Top of INPUT DATA
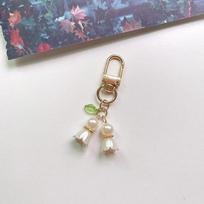 Beautiful Lily of The Valley Key Holder Gold Color Metal Buckle Woman's Handbag Ornament Elegant Flower Keychains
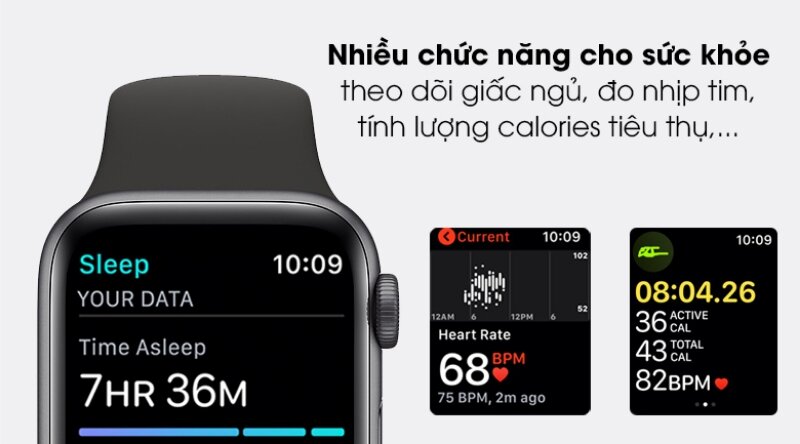 Đồng hồ thông minh Apple Watch SE LTE 40mm theo dõi sức khỏe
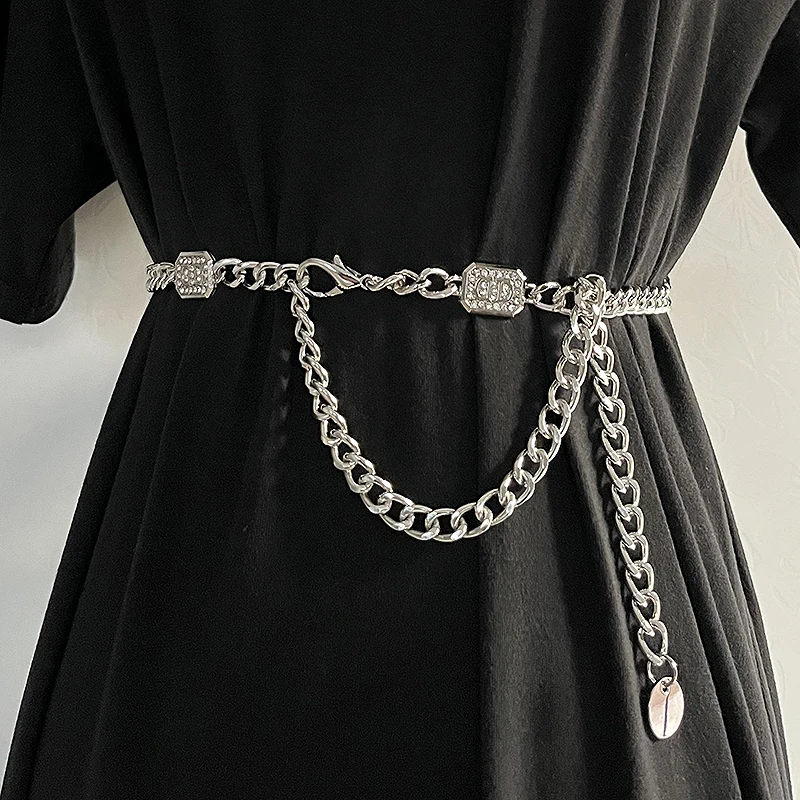 Sliver Rhinestone Chain Waistband Luxury Metal Letter Logo Diamond Waist Chain Decoration Dress Jeans Chain Accessories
Bottom of INPUT DATA
* WORK TO COMPLETE *
The expected output is an exact copy of the lines from the one holding "Đồng hồ thông" through the last line of the listing above, with the pictures omitted.

* EXPECTED ANSWER *
 Đồng hồ thông minh Apple Watch SE LTE 40mm theo dõi sức khỏe
 Sliver Rhinestone Chain Waistband Luxury Metal Letter Logo Diamond Waist Chain Decoration Dress Jeans Chain Accessories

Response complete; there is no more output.